Capacity planning and designs for CO2 pipelines thus differ from those for natural gas pipelines. In addition, dense-phase CO2 flows as a fluid, which means that a long-distance pipeline will use pumps, not compressors, to move the product to markets. In this respect, CO2 pipelines are more analogous to liquid pipelines than to natural gas pipelines. In the subsurface however, dense-phase CO2 retains the capacity to diffuse like a gas through the pore spaces of a solid -- such as the oil-bearing rock in a hydrocarbon formation. This ability to diffuse through rock is critical for a successful EOR operation.

As explained below, the regulations governing CO2 pipelines in the United States have been specifically crafted to reflect the distinctive characteristics of CO2 pipelines and the product they carry.
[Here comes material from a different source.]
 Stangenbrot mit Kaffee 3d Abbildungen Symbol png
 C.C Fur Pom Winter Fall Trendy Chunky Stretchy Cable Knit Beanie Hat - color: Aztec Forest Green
B. CO2 injections in EOR operations

Primary production typically extracts in the range of 10 to 20 percent of the Original Oil in Place (OOIP); waterflooding and other secondary techniques may then recover a similar quantity, still typically leaving more than half of the original oil remaining in the formation.11 Indeed, one study prepared for the US Department of Energy estimated that primary and secondary recovery techniques nationwide recover only about 32 percent of the original oil in place.12 Although EOR recovery factors vary by field, EOR operations may recover in the range of 5 to 15 percent of the original oil in place,13 with some operators experiencing even higher recovery factors.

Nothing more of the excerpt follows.